This article considers common tasks, main tools, and basic principles of how to reverse engineer a software, specifically, Windows software. We also discuss a small step-by-step example of reverse engineering an application to illustrate discribed points.
Development Coordinator of Network Security Team
What is software reversing?
Reverse engineering is extracting the information about the principles of the hardware or software architecture and their internal structure. The phrase that is typical for the reverse engineering is “How does it work?” Obviously, if you have the documentation the whole process becomes much more simple, but it’s often happens that there’s no any documentation and you need find the other way to get the result.
So when we may need the software reverse engineering and how it may help us?
There are a lot of the software reverse engineering examples in computer science field:
- researching the network communication protocol;
- finding the algorithms of the malware such as computer viruses, worms, trojan horses, etc.
- researching the file format for storing any kind of information, for example mail bases and disk images;
- checking the ability of your software to resist reverse engineering;
- improving software compatibility with platforms and third-party software;
- using undocumented platform features;
Let’s see if it is hard and what we need to learn how to reverse engineer a software.

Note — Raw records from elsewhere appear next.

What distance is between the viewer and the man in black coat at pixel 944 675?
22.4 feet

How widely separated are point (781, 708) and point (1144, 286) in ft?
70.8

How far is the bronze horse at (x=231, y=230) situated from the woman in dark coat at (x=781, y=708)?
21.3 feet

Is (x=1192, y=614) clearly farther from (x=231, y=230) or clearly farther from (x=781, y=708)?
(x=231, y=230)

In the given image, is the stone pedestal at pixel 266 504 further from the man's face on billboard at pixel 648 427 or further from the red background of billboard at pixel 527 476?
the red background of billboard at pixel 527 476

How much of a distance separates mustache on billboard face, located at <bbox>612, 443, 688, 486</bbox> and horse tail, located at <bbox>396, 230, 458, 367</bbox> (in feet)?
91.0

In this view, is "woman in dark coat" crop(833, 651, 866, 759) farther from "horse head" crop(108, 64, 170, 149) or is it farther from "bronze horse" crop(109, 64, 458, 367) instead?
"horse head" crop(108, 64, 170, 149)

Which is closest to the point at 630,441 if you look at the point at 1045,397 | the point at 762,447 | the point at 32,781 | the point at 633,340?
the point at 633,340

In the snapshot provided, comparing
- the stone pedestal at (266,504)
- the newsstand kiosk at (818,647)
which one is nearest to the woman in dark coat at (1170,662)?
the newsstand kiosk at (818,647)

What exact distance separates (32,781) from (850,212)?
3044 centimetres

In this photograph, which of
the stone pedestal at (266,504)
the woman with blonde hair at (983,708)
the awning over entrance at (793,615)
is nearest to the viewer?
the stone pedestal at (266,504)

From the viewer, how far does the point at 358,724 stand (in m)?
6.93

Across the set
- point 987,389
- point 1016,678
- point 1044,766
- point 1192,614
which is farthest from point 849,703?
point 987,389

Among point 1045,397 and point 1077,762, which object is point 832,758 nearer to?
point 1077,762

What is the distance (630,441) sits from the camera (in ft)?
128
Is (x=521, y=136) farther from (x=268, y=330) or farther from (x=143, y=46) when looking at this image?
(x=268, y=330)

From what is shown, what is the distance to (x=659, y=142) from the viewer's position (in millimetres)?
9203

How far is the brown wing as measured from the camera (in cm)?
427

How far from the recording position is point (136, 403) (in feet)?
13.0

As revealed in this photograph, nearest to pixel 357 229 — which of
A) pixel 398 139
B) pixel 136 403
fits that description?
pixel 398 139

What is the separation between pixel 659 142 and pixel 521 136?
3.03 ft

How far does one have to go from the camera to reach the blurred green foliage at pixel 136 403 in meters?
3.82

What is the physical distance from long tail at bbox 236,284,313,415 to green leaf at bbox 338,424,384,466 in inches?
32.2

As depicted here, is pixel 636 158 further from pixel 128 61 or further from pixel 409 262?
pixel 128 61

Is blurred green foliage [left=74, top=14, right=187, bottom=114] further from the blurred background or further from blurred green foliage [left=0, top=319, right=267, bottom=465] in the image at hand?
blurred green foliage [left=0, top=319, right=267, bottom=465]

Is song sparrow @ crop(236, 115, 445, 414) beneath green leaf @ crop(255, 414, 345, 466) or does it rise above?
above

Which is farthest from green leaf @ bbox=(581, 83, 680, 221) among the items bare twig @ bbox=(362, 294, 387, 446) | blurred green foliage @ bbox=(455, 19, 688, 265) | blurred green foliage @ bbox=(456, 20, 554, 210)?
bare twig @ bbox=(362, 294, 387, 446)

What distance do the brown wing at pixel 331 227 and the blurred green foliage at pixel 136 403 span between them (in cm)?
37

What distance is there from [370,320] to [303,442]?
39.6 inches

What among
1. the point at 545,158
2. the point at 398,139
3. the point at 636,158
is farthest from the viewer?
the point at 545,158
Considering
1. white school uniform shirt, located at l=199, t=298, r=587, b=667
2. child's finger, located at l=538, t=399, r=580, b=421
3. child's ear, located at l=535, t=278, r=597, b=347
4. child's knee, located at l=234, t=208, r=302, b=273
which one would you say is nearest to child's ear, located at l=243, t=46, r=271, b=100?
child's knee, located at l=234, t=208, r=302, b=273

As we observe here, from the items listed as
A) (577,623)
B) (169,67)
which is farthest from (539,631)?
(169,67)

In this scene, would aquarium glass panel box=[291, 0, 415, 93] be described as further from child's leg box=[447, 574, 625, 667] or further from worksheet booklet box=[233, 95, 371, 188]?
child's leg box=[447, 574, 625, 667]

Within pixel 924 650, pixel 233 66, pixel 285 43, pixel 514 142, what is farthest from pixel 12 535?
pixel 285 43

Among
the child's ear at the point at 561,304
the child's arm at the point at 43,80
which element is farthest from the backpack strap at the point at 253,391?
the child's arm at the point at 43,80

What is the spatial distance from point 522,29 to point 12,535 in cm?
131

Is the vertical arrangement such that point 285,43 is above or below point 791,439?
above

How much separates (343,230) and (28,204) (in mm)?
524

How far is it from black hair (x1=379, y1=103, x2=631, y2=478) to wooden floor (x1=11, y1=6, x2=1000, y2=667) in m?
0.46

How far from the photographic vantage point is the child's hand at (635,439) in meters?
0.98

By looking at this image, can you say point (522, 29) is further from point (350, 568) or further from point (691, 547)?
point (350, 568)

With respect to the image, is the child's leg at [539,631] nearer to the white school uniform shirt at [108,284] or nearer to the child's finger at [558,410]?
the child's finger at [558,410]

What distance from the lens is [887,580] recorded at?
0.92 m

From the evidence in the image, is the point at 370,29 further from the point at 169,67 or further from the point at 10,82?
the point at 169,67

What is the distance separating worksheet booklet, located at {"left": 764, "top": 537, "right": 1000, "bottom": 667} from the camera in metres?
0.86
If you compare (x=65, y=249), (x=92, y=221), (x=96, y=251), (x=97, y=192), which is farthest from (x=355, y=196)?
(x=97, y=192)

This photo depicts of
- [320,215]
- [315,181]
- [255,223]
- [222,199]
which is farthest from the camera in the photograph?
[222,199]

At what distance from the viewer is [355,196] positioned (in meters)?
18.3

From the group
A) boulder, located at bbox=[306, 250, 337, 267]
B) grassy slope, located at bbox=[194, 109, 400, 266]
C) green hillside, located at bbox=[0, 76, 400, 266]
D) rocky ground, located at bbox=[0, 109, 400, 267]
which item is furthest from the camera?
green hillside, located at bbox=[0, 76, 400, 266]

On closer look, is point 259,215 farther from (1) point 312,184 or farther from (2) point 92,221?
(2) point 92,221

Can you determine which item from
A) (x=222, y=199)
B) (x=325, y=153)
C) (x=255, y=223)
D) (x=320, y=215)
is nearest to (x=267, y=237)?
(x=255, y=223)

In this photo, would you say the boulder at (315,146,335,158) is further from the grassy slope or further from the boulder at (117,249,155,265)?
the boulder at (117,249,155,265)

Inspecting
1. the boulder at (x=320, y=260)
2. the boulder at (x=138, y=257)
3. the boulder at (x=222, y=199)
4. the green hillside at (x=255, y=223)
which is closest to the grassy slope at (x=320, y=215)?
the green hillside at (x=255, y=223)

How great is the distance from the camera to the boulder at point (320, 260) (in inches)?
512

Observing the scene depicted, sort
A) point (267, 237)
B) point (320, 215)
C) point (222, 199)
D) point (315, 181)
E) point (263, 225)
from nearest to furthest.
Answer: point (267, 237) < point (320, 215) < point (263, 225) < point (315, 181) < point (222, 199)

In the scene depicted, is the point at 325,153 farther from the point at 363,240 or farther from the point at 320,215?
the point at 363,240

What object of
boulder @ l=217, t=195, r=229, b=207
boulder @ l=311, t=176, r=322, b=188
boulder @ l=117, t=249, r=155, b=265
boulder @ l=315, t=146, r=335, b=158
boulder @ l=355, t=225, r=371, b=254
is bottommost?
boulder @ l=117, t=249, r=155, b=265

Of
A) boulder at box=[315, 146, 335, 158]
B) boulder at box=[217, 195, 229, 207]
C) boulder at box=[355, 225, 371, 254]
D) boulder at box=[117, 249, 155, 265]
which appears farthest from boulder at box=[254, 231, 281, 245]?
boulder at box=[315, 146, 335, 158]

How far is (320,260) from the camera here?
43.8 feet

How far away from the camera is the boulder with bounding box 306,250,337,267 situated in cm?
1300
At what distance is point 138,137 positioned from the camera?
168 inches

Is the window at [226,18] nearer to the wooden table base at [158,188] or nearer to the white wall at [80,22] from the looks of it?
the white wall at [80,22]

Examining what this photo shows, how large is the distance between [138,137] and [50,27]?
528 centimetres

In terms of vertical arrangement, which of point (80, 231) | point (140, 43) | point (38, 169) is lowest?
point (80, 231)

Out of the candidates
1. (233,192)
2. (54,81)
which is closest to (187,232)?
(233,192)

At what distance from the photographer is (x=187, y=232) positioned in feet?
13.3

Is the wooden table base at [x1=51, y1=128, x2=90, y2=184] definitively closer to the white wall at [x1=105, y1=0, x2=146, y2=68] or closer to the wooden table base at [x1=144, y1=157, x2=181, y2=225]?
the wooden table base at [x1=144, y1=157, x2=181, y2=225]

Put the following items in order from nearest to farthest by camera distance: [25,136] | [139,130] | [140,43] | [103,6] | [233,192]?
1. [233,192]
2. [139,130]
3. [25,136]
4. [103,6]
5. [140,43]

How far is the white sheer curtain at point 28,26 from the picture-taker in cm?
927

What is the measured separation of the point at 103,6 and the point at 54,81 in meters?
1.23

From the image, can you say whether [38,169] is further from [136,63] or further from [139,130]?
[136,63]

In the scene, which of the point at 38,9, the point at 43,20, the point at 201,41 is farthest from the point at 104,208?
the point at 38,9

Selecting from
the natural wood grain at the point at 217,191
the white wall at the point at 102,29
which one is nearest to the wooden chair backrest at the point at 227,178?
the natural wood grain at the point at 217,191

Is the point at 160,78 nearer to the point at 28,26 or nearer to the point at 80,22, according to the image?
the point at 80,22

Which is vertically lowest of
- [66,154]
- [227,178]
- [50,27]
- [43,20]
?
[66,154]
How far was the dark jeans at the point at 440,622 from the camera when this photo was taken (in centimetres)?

What do we need for reversing?
In order to start reverse engineer software you need to have:
- knowledge in the field where you want to apply the reverse engineering;
- Tools that will allow you to apply your knowledge while trying to get the needed information.
Let’s consider an example that is not connected to the software. Let’s say you have a watch and you want to find out if it’s mechanical or works from the battery. The A section says that you definitely should know that there at least two types of watches - mechanical and digital ones. Besides of that, you probably should know that if there is the battery, it is located inside the watch and you can see it if you open the back lid. You should also have the basic knowledge of the watch’s internal structure, how the battery looks like and what tools you need to open the lid. The B section declares that you need to have a screwdriver or other special tool that will give you the chance to apply your knowledge.
If we talk about software reverse engineering process, we consider the huge variety of different knowledge and tools, which, of course, should fit the field that you perform the reversing in.
Theoretical knowledge. Software reverse engineering process
For different software reverse engineering tasks, you would need different knowledge base.
If you reverse any network applications, you should know the principals of the inter-process communications, the network structure itself, the structure of the network packets that you are about to see, connections and the order you are about to see them, etc.
If you are reversing the crypto algorithms, you should have the knowledge in the crypto science and know the basics or the most popular algorithms that are often used in the field - it may help you to save some extra time while researching.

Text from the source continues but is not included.